Statistics can be made to prove anything -- even the truth if necessary.

#  REGRESSION ANALYSIS BASICS The Right Way To Do It Different regression techniques give different results for the regression equation. Simple or Linear regression is the most common form used in petrophysical analysis, giving an equation of the form Y = A * X + B.

Multiple regression related the dependent variable Y to a number of independent variables, for example Y = A1 * X1 + A2 * X2 ... +B.
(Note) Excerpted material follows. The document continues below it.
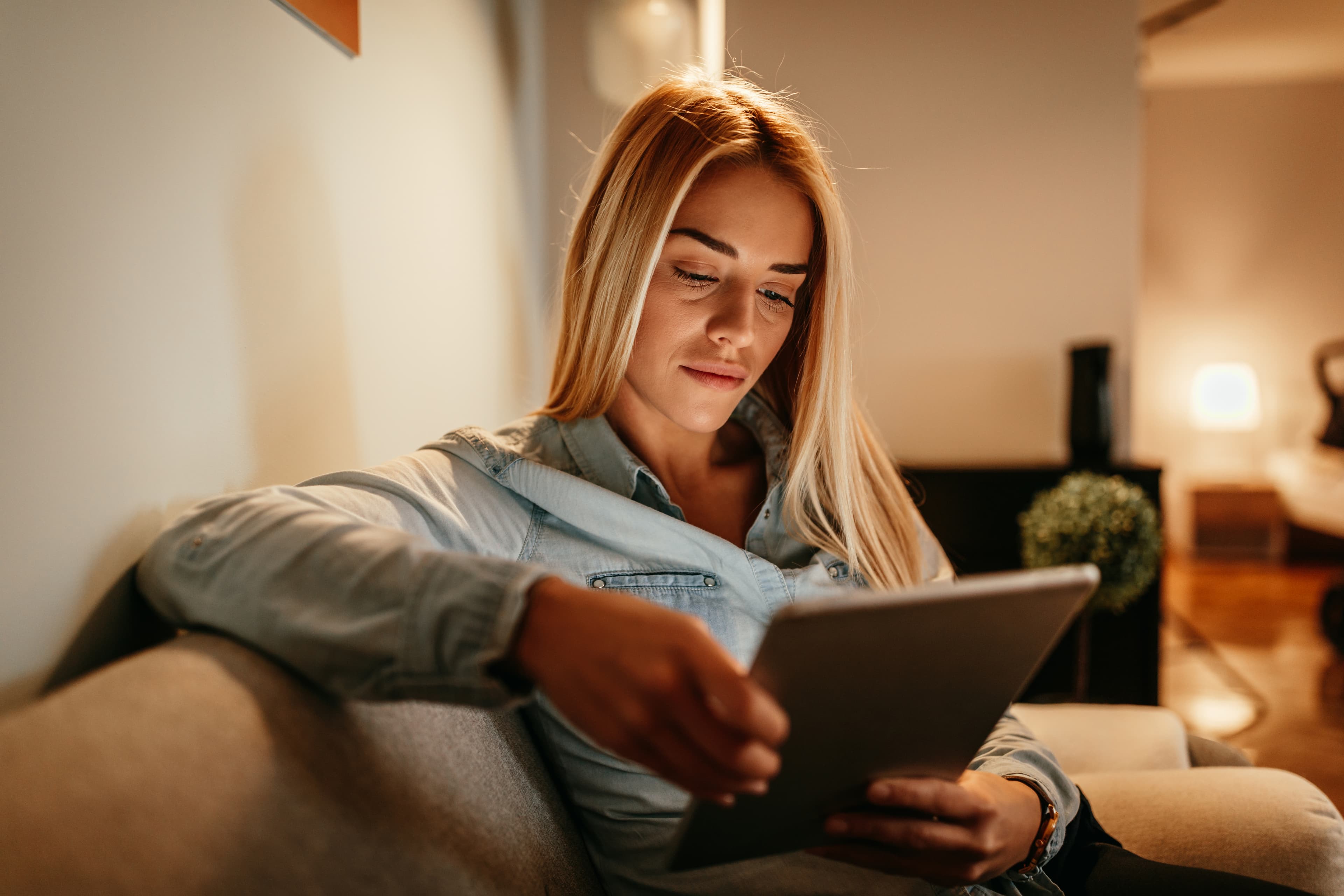 A customer browsing on a tablet at home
Non linear or polynomial regression provides relationships that involve powers, roots, or other non-linear functions, such as logarithms or exponentials.

Excel and Lotus 1-2-3 offer some simple linear and non-linear regression models, but more sophisticated software is required for multiple regression. A good freeware package is Statcato (www.statcato.org). It is a java based program. My copy is HERE. The "Y-on-X" line is the one that will result from use of spreadsheet software. Y is the dependent axis (predicted variable) and X is the independent axis (the variable doing the predicting). The line minimized the errors in the vertical direction (Y axis) using a least-squares solution.

The "X-on-Y line reverses the roles of the two axes, minimizing the error in the horizontal direction (as the graph is drawn here)..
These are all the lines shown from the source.